» Exercise objective
All entries are to be reproduced exactly; the pictures are to be omitted.
+--
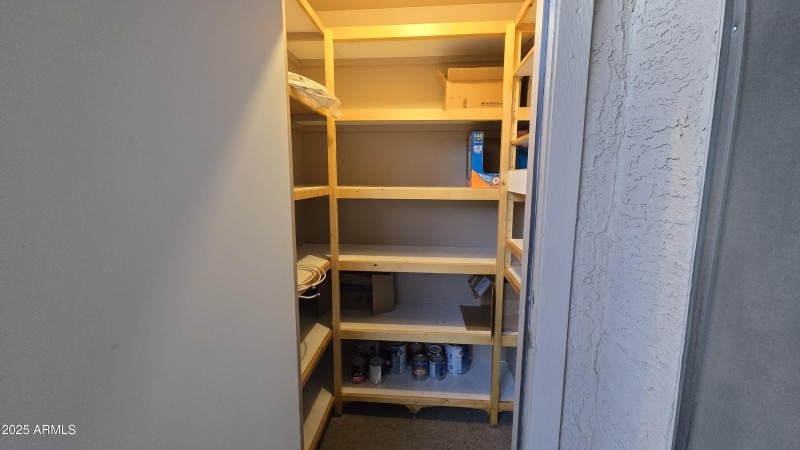 43) 60277-68ca42b27ca3a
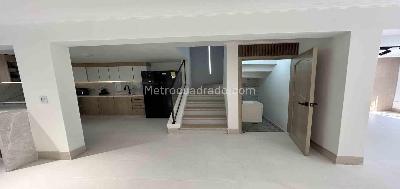 Casa en venta en Comuna El Jardin/Avenida Sur, Pereira · foto 8 de 20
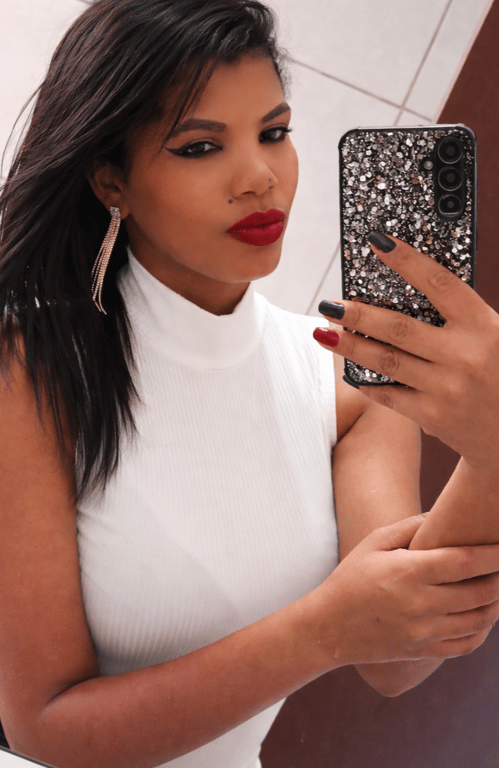 Leidiane massagem tântrica, sensual, nuru, depilação!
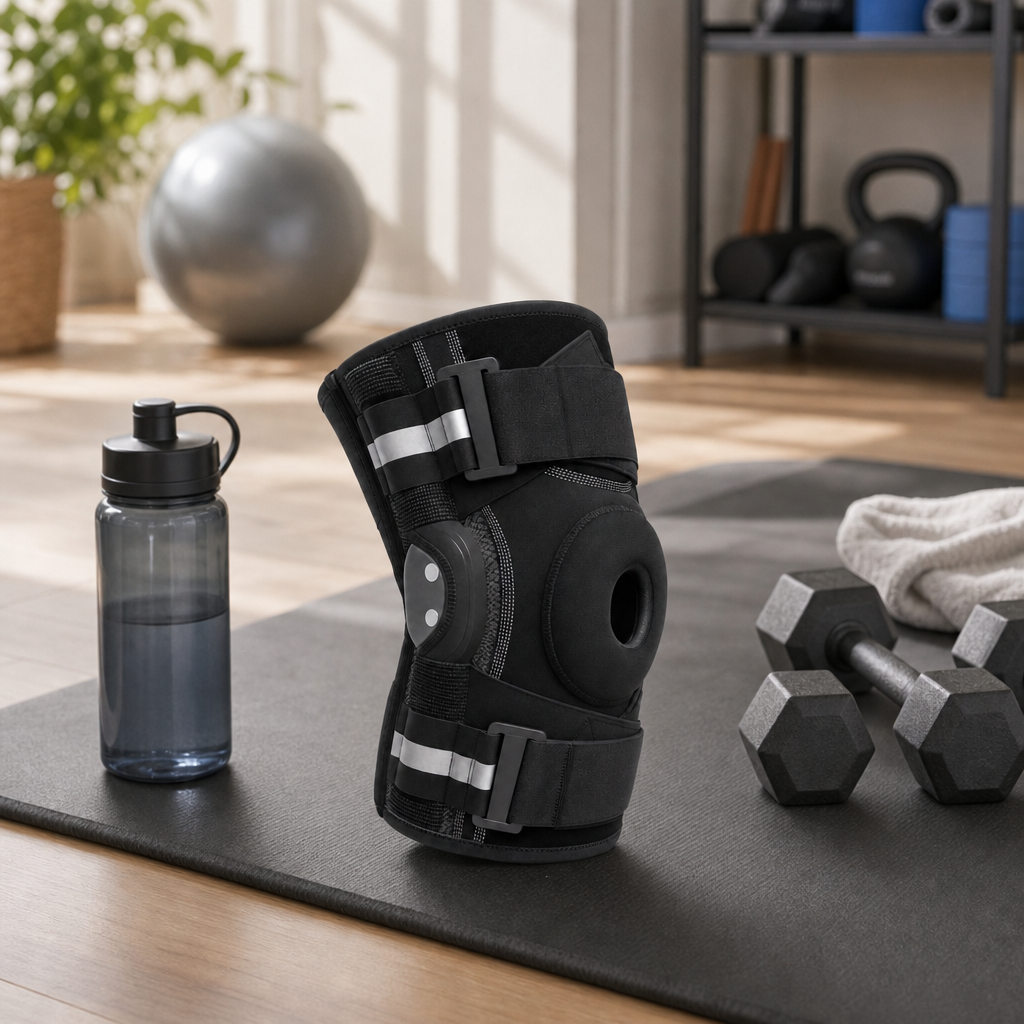 Made for walks, work and light training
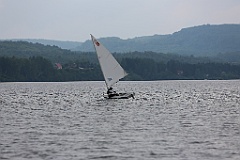 IMG_2135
+--
» Solution below
 43) 60277-68ca42b27ca3a
 Casa en venta en Comuna El Jardin/Avenida Sur, Pereira · foto 8 de 20
 Leidiane massagem tântrica, sensual, nuru, depilação!
 Made for walks, work and light training
 IMG_2135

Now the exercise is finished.